*** Material to process
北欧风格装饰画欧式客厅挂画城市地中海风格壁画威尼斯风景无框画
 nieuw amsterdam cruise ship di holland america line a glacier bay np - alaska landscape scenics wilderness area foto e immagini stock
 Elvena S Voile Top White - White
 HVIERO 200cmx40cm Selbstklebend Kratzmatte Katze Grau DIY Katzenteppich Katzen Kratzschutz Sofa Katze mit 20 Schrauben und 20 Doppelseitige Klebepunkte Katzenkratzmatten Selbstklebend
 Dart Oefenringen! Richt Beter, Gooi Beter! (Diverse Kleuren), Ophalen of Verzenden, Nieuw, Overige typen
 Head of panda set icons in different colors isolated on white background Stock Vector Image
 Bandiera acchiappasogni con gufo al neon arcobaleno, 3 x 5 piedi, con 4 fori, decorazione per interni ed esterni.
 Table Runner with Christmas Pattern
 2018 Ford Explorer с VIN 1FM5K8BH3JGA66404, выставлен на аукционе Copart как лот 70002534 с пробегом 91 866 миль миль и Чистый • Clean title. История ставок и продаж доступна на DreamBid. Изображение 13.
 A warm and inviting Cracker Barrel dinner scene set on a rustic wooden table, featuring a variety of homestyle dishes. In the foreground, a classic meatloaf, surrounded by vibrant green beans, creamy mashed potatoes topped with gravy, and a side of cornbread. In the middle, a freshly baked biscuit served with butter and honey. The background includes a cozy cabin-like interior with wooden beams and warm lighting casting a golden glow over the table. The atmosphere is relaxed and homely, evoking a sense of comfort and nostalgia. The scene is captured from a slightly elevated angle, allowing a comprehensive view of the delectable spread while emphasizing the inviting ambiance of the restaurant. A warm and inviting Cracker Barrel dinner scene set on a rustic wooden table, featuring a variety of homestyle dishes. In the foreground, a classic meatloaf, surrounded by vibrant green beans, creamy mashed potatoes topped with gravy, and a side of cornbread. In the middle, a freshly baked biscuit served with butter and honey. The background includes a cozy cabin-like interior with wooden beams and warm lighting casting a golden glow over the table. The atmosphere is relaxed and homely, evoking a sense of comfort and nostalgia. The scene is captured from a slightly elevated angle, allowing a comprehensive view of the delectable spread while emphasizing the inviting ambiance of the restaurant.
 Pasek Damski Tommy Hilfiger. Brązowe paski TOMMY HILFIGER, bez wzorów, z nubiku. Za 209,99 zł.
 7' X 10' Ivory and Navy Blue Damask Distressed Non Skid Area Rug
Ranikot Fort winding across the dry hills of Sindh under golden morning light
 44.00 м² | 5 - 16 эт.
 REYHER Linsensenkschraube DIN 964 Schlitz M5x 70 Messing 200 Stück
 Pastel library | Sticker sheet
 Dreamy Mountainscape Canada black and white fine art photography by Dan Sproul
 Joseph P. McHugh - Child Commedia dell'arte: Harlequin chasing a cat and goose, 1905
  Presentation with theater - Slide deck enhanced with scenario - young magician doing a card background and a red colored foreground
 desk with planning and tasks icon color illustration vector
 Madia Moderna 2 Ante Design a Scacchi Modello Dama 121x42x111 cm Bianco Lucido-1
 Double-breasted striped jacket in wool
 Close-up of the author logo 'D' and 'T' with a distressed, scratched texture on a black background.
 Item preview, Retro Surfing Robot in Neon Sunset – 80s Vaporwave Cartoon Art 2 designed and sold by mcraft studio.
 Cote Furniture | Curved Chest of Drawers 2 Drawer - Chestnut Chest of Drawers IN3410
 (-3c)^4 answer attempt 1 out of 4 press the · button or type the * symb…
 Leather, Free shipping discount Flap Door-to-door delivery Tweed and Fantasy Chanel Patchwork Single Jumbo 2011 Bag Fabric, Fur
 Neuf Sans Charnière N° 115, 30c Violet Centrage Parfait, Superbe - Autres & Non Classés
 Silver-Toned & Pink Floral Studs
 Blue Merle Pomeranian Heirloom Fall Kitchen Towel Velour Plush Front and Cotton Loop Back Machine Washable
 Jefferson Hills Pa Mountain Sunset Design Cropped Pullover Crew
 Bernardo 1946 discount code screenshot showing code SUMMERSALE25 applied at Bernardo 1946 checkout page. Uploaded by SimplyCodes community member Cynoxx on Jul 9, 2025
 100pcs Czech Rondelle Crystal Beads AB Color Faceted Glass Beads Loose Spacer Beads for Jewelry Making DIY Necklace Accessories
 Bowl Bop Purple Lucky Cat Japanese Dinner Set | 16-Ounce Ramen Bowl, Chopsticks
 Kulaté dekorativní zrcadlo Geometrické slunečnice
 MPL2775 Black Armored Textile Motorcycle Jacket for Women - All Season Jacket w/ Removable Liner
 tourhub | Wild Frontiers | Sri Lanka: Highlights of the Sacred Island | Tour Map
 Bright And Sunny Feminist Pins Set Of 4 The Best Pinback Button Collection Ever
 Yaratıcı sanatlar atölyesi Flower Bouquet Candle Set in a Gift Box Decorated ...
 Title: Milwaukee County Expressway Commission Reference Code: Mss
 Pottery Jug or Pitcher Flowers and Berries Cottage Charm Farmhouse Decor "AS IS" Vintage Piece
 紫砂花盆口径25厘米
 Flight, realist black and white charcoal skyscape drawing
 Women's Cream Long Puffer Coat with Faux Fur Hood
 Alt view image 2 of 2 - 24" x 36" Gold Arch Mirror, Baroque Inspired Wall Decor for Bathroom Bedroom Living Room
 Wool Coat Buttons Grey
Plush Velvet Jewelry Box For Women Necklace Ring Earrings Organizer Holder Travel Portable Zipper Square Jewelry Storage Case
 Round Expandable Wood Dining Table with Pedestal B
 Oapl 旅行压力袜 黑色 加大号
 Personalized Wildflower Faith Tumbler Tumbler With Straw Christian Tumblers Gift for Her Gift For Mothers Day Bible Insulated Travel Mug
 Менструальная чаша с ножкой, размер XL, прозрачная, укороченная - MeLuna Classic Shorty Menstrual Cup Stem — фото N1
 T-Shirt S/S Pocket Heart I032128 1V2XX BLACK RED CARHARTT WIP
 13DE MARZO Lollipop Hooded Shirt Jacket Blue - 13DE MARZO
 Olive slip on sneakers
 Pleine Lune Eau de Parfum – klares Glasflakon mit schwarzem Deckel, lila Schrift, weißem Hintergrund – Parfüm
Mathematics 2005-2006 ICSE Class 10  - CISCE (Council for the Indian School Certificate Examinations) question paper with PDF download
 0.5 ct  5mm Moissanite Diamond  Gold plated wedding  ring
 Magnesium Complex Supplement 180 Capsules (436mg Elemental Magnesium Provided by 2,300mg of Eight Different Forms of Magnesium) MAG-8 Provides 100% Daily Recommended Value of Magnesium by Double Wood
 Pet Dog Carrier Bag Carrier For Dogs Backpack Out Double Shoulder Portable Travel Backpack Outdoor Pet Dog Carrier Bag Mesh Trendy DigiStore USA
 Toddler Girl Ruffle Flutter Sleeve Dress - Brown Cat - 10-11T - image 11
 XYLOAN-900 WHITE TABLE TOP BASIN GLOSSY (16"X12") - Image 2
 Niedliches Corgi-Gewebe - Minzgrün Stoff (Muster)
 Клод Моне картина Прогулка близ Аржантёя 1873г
******
(Work required)
Pull from the data each line where the string "Women" turns up.

(Exercise result)
 MPL2775 Black Armored Textile Motorcycle Jacket for Women - All Season Jacket w/ Removable Liner
 Women's Cream Long Puffer Coat with Faux Fur Hood
Plush Velvet Jewelry Box For Women Necklace Ring Earrings Organizer Holder Travel Portable Zipper Square Jewelry Storage Case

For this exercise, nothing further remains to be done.